United States District Court, W.D. Tennessee, Western Division

June 30, 2017

BRUCE PARKS, JR., Plaintiff,
v.
JONATHAN LEBO, Warden, and SGT. COCARHAN, Defendants.

          ORDER PARTIALLY DISMISSING COMPLAINT AND DIRECTING ISSUANCE AND SERVICE OF PROCESS

          S. THOMAS ANDERSON, CHIEF UNITED STATES DISTRICT JUDGE

         On October 31, 2016, Plaintiff Bruce Parks, Jr. (“Parks”), an inmate at the Northeast Correctional Complex (“NECX”), in Mountain City, Tennessee, filed pro se a Complaint for the violation of his civil rights pursuant to 42 U.S.C. § 1983. (ECF No. 1.) After receiving an order from the Court (ECF No. 3), Parks filed a motion to proceed in forma pauperis on November 16, 2016. (ECF No. 4.) The Court granted leave to proceed in forma pauperis and assessed the civil filing fee pursuant to the Prison Litigation Reform Act (“PLRA”), 28 U.S.C. §§ 1915(a)-(b) (ECF No. 5). The acts alleged in the Complaint occurred when Parks was an inmate at the West Tennessee State Penitentiary (“WTSP”) in Henning, Tennessee. Thus, venue is proper in this Court. The Clerk shall record the Defendants as WTSP Warden Jonathan Lebo and Sergeant First Name Unknown (“FNU”) Cocarhan.

         BACKGROUND

         Parks alleges that on August 12, 2016, he was awakened by three staff members, Cpt.
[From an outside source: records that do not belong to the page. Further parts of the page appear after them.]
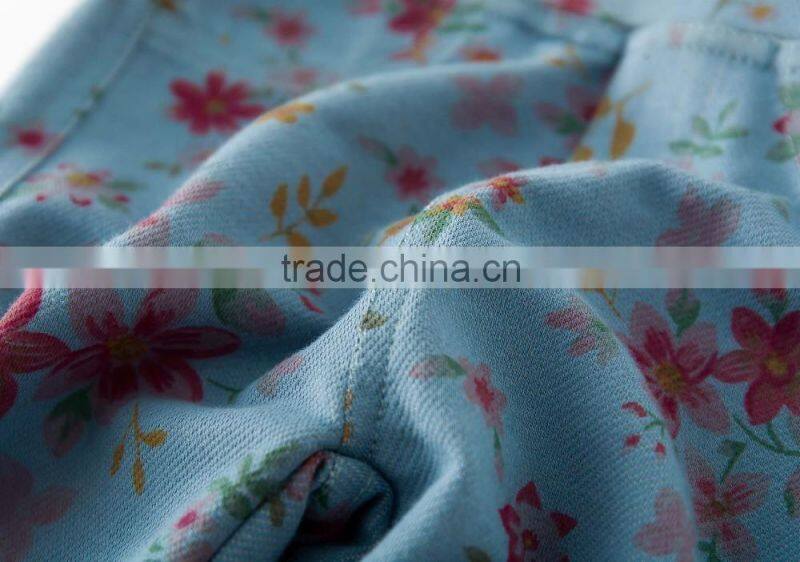 tights pants french terry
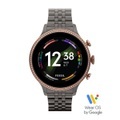 Fossil GEN 6 Uhren Damen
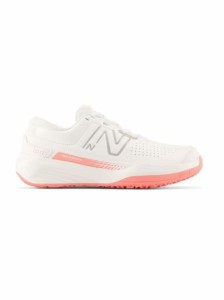 ニューバランス New Balance WCO696P52E オムニクレー用テニスシューズ レディース 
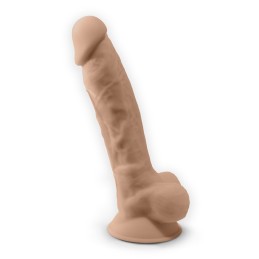 Silexd Model 1 Premium Vibrating Dildo Remote Control 20 cm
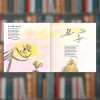 Книга О соседях и котах.Александр Подоляк (2605kro)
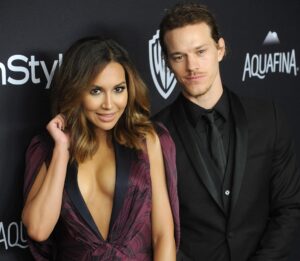 Naya Rivera’s ex Ryan Dorsey reveals Glee star’s heartbreaking last words to son Josey before drowning
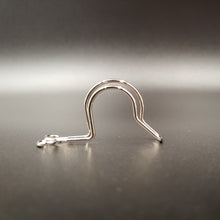 Load image into Gallery viewer, Sick clip 18.8mm 19mm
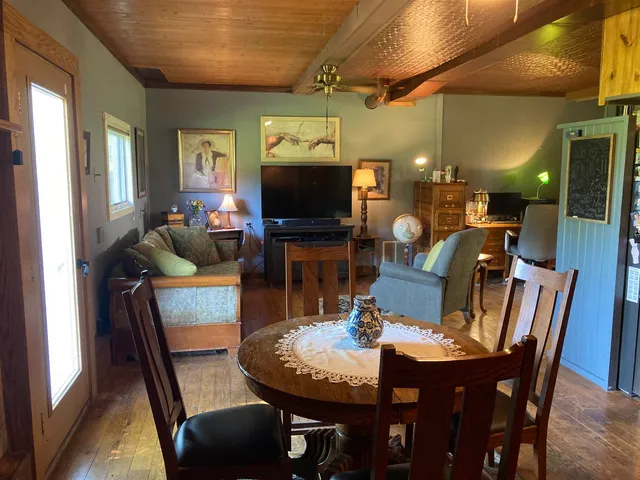 $374,900 | 435 South Main Street, Fall River, WI 53932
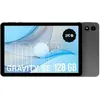Image de Tablet SPC 97894128T Octa Core 4 GB RAM 128 GB Gris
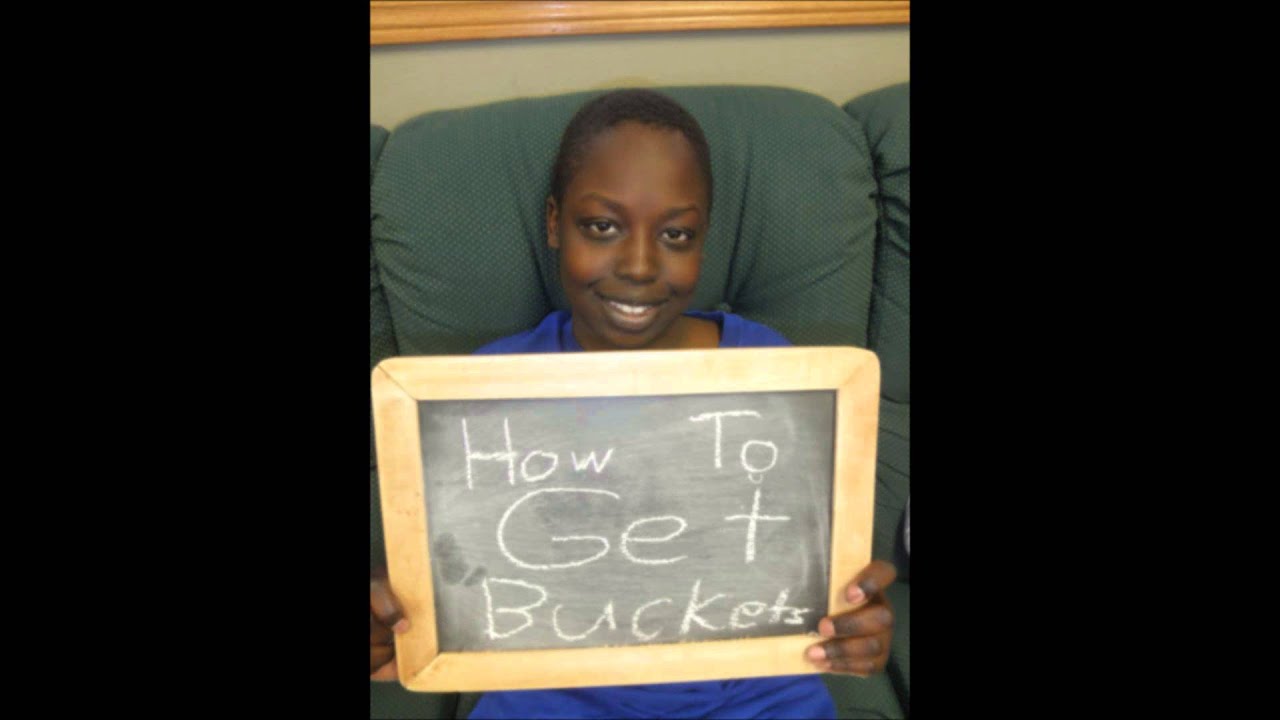 Sioux Falls Lutheran School 2014 Video YouTube sioux-falls-lutheran-school-2014-video-youtube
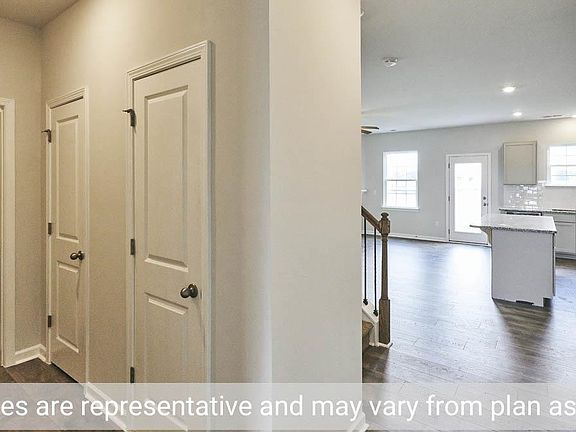 5th image of 1513 Aberdeen Dr #521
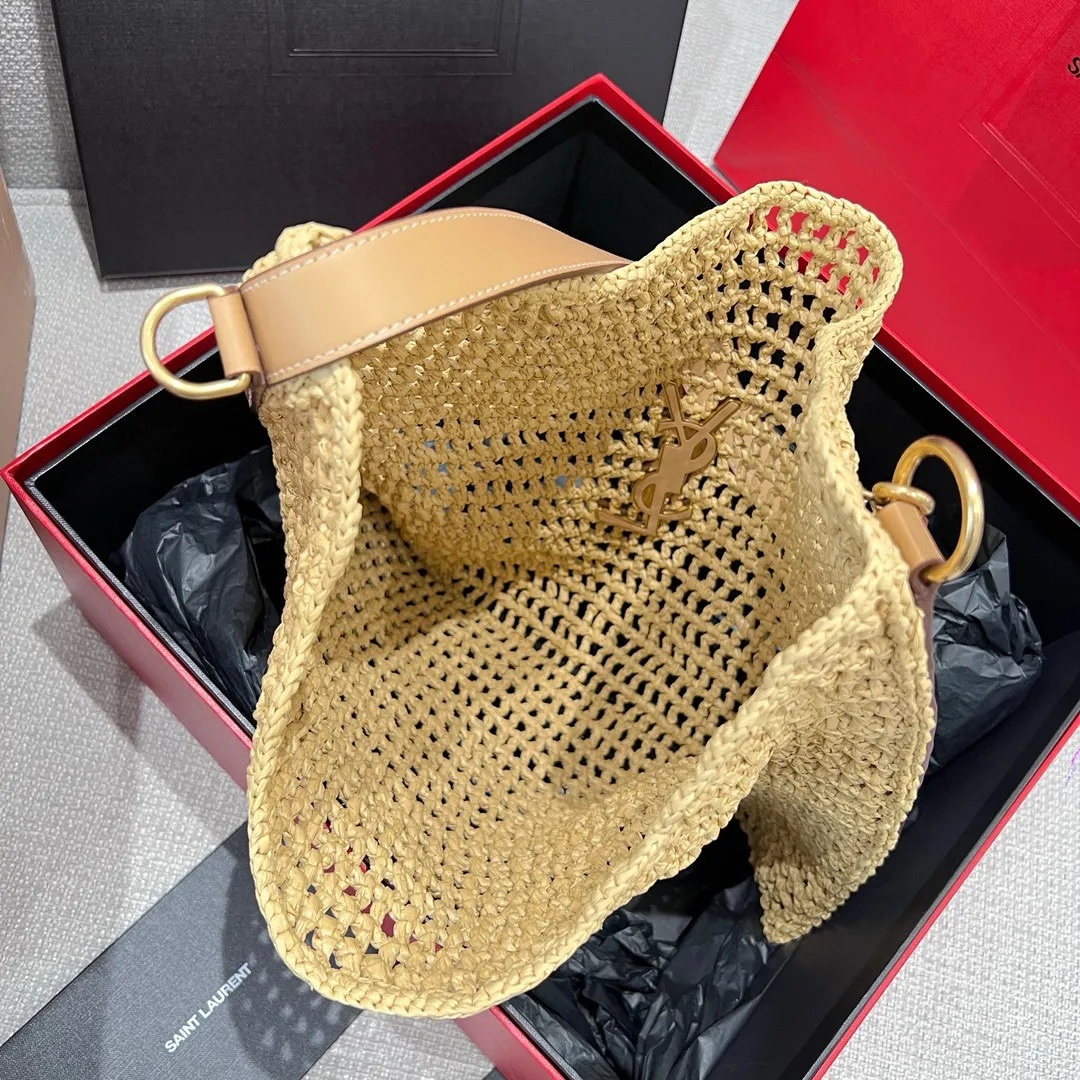 SAINT LAURENT Женская Сумка Oxalis SAINT LAURENT Женская Сумка Oxalis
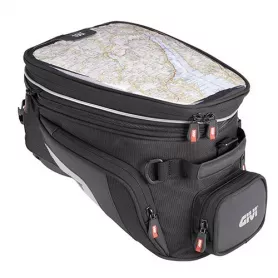 Givi tanklock tank bag XS320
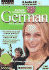 Instant Immersion German: "New & Improved! "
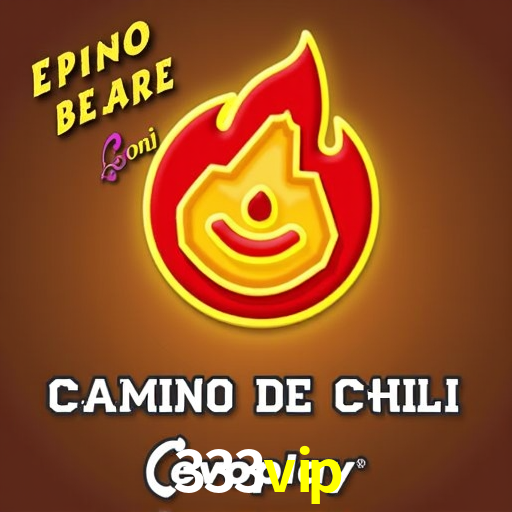 A Experiência Imersiva dos Cassinos Ao Vivo no 333vip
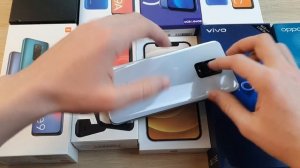 КАК ЧАСТО СТОИТ ПОКУПАТЬ НОВЫЙ СМАРТФОН?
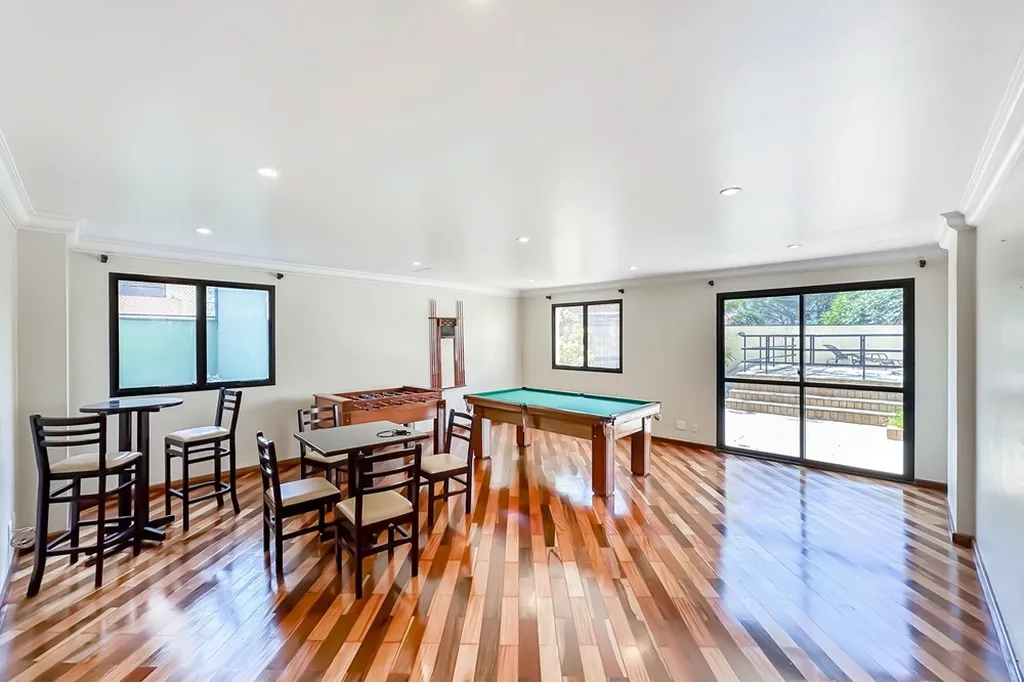 Imagem Apartamento à venda em São Paulo, Vila Mariana, com 2 quartos, 53m2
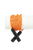 NO_COLOUR|NO_COLOUR|ALT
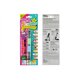 Зображення  Розвиваючий Malinos Creative Nails MA-303001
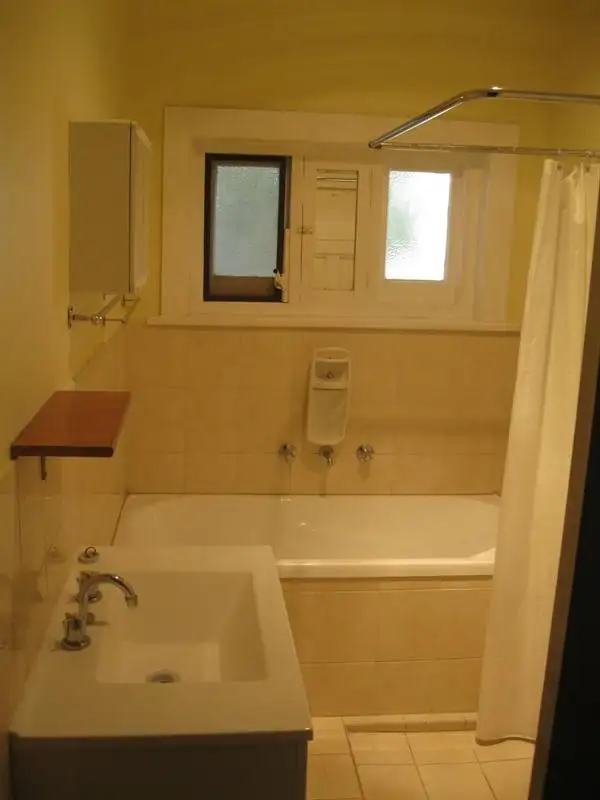 Fourth view of Homely house listing, 30 Green Street, St Morris SA 5068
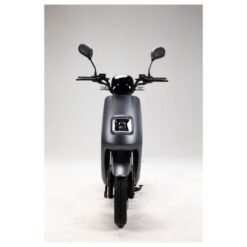LVNENG LX04/S4 ΗΛΕΚΤΡΙΚΟ SCOOTER 48V/26AH 1440W BOSCH - Image 5
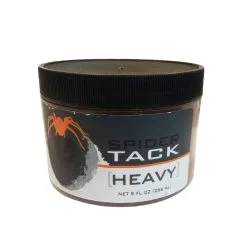 Strength Shop Spider Tack Heavy - 266ML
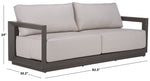 DARK GREY / BEIGE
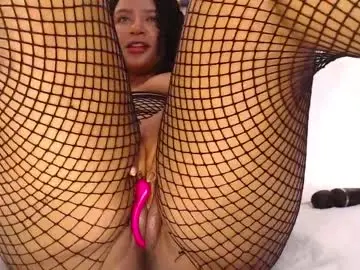 Chaturbate Free Live Porn of my_sweety_bom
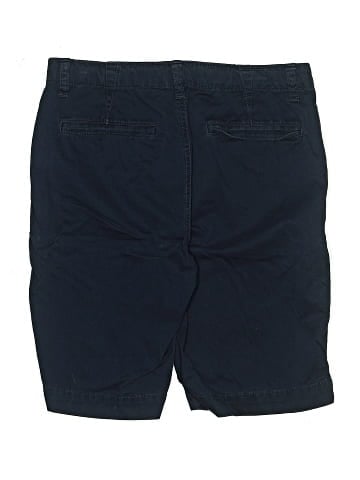 Gap Kids Cargo Shorts (view 2)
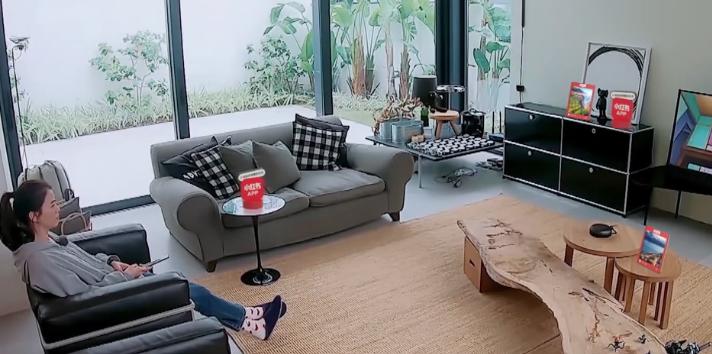 最美香港女星袁咏仪,最美港姐袁咏仪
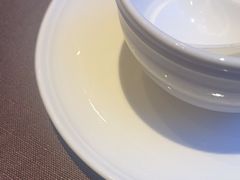 -老湘亲·品鉴湘菜(蔡塘爱琴海店)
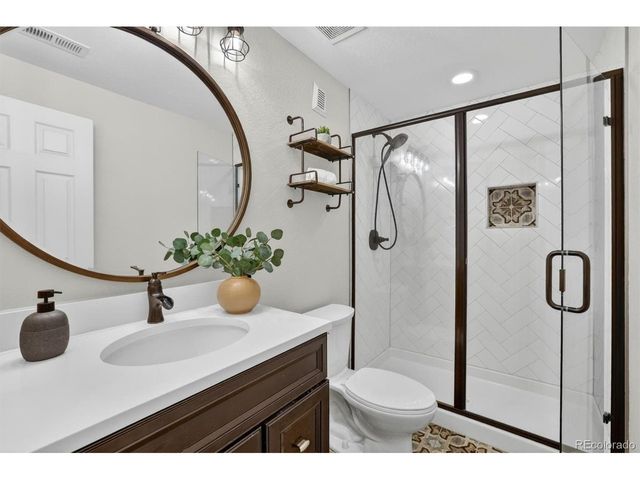 3472 Harvard Pl, Broomfield, CO 80023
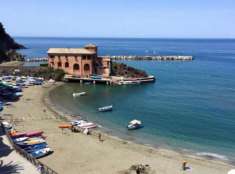 Foto Levanto lungomare - 2 Locali con posto auto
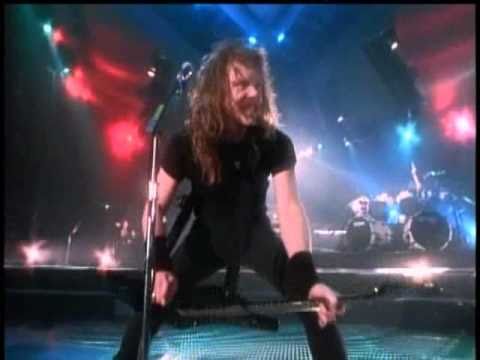 alejaBD626’s Video 3698762321 xhJJ4r_9WvY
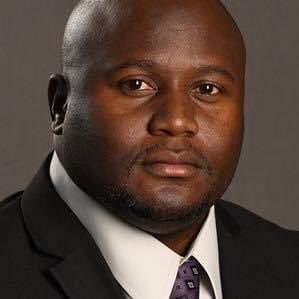 Believer | Husband | Father | Associate Head Coach and Running Back Coach at FIU | #ΩΨΦ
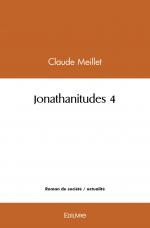 Jonathanitudes 4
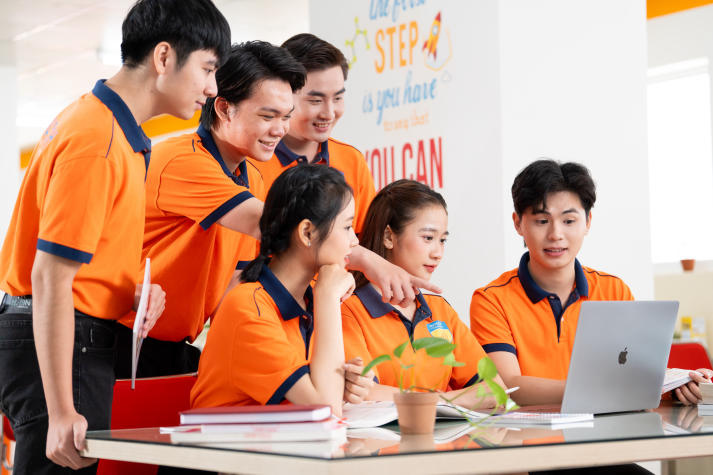 Lý do chọn 13WIN13 189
Middleton and Lt. Miller, who are not parties to this action, and Defendant Sgt. Cocarhan. The staff members told Parks to place handcuffs on and then moved him from his cell while his property was removed from his cell. (Compl. at 5, ECF No. 1.) When Parks inquired why this was happening, Cpt. Middleton told Parks that Officer Hudson had stated Parks had gotten semen on her. (Id.) Parks contends that this allegation was never reported, and there was no evidence of such conduct. (Id.) When Parks came back to his cell, still in handcuffs, he was told to put his knees on the bunk. (Id.) Park alleges that at this time Defendant Sgt. Cocarhan hit him a number of times, verbally and mentally abused him, and then put a tazer to Parks head, threatening Parks to give him one reason why he should not send Parks to the emergency room. (Id.) Parks further contends that Defendant Sgt. Cocarhan called Parks a sex offender and told Parks that he did not have any rights. (Id.) After the assault Parks was told not to move while the handcuffs were removed, and then the officers walked out. (Id.)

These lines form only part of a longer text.